Test interactivo para optimizar el ejercicio según el ritmo circadiano
Un test para definir el mejor momento para hacer ejercicio
El ritmo circadiano juega un papel crucial en la vida cotidiana de las personas. Según su comportamiento, la humanidad se clasifica en “búhos” y “alondras”, además de un tercer perfil híbrido que combina preferencias matutinas y vespertinas. Conocer el grupo al que se pertenece es esencial para programar las actividades diarias. Recientemente, se ha informado sobre la importancia de elegir el momento adecuado para realizar ejercicio físico, lo que puede resultar en mayores beneficios para la salud cardiovascular.
Investigación sobre la sincronización del ejercicio
Un grupo de investigadores provenientes del Reino Unido y Pakistán exploró si la sincronización de la actividad física con el cronotipo personal podría mejorar los efectos cardiometabólicos.
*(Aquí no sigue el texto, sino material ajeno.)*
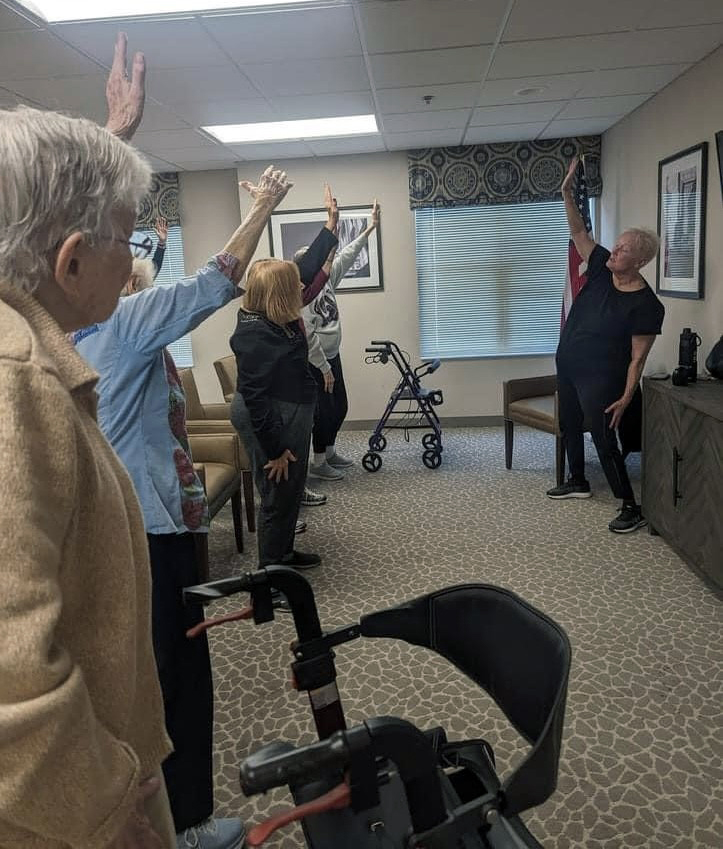 A group of elderly people in a room with their arms up, participating in an exercise session with a volunteer instructor in The Neighborhood.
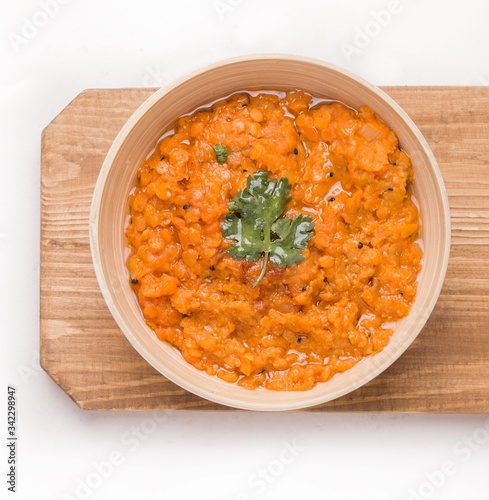 Dhal Indian cream lentil soup in a plate on a wooden board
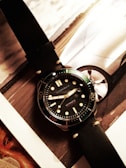 A wristwatch with a black leather strap and a dark dial is placed on top of a magazine or catalog featuring a car image. The watch has bold hour markers and numerals on the bezel, with what appears to be hands displaying the time.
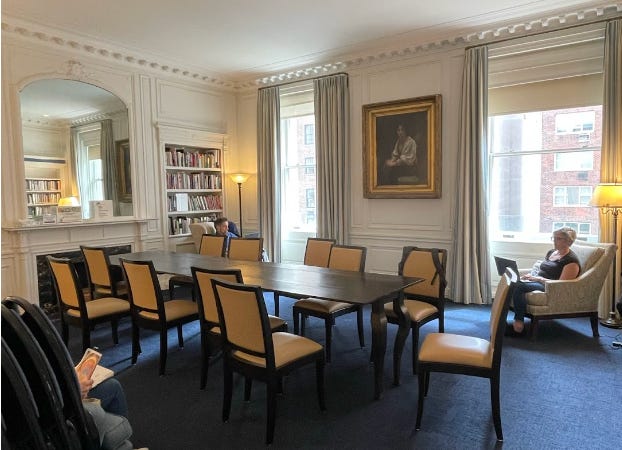 A grand room with two large window, a fireplace and a large central table. The Whitridge Room.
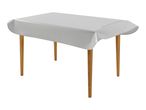 Rectangular table with wooden legs and a white plastic tablecloth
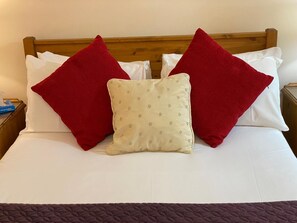 A neatly made bed with red and white pillows, a beige polka-dotted pillow, and a dark brown quilt. - Turi House (Canterbury)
Según los hallazgos publicados en la revista British Medical Journal (BMJ), este aspecto a menudo se pasa por alto y tiene un impacto considerable en variables como el colesterol y la presión arterial.
La investigación, realizada por el Instituto Universitario de Fisioterapia de la Universidad de Lahore y la Facultad de Medicina de Edimburgo, incluyó a 150 adultos de entre 40 y 60 años que presentaban al menos un factor de riesgo cardiovascular. Estos participantes fueron clasificados como matutinos o vespertinos a través de un cuestionario de matutinidad-vespertinidad. Este cuestionario, que toma aproximadamente 5 minutos en completarse, consiste en 19 preguntas que ayudan a identificar correctamente el perfil de preferencia de cada persona.
Resultados y conclusiones
El estudio demostró que aquellos que realizan ejercicio aeróbico fuera de su horario natural tienen menos beneficios para su salud en comparación con quienes alinean sus actividades físicas con su cronotipo. El cuestionario, desarrollado originalmente por James A. Horne y Olov Östberg en 1976, ha sido ampliamente utilizado en el ámbito médico, aunque poco en la cultura popular.
Este test, al finalizar, otorga un puntaje total que varía entre 16 y 86 puntos, clasificando a los individuos en cinco categorías:
- Matutino extremo (70-86 puntos);
- Matutino moderado (59-69 puntos);
- Intermedio (42-58 puntos);
- Vespertino moderado (31-41 puntos);
- Vespertino extremo (16-30 puntos).
A pesar de la existencia de versiones más modernas como el Munich Chronotype Questionnaire (MCTQ), el test de Horne y Östberg sigue siendo el más empleado en clínicas de sueño, psiquiatría y medicina ocupacional debido a su sencillez y la alta correlación con indicadores biológicos reales.
Los autores del estudio concluyeron que “ajustar el momento del ejercicio al cronotipo mejora significativamente los resultados cardiometabólicos y relacionados con el sueño en adultos en riesgo. Las prescripciones de ejercicio personalizadas pueden representar un enfoque práctico y eficiente para optimizar la salud cardiovascular”. Además, sugieren que las intervenciones de ejercicio adaptadas al cronotipo podrían convertirse en una estrategia útil en entornos clínicos y de salud pública, conduciendo a mejores resultados y mayor participación. Las futuras investigaciones y guías clínicas podrían considerar los factores circadianos como un componente esencial en la prevención de enfermedades relacionadas con el estilo de vida.
Los efectos de esta intervención se mantuvieron consistentes en todos los sexos y cronotipos estudiados, notándose un mayor impacto en quienes padecen hipertensión. Esto indica que el ejercicio alineado con el cronotipo podría ser particularmente beneficioso para individuos con mayor riesgo cardiovascular.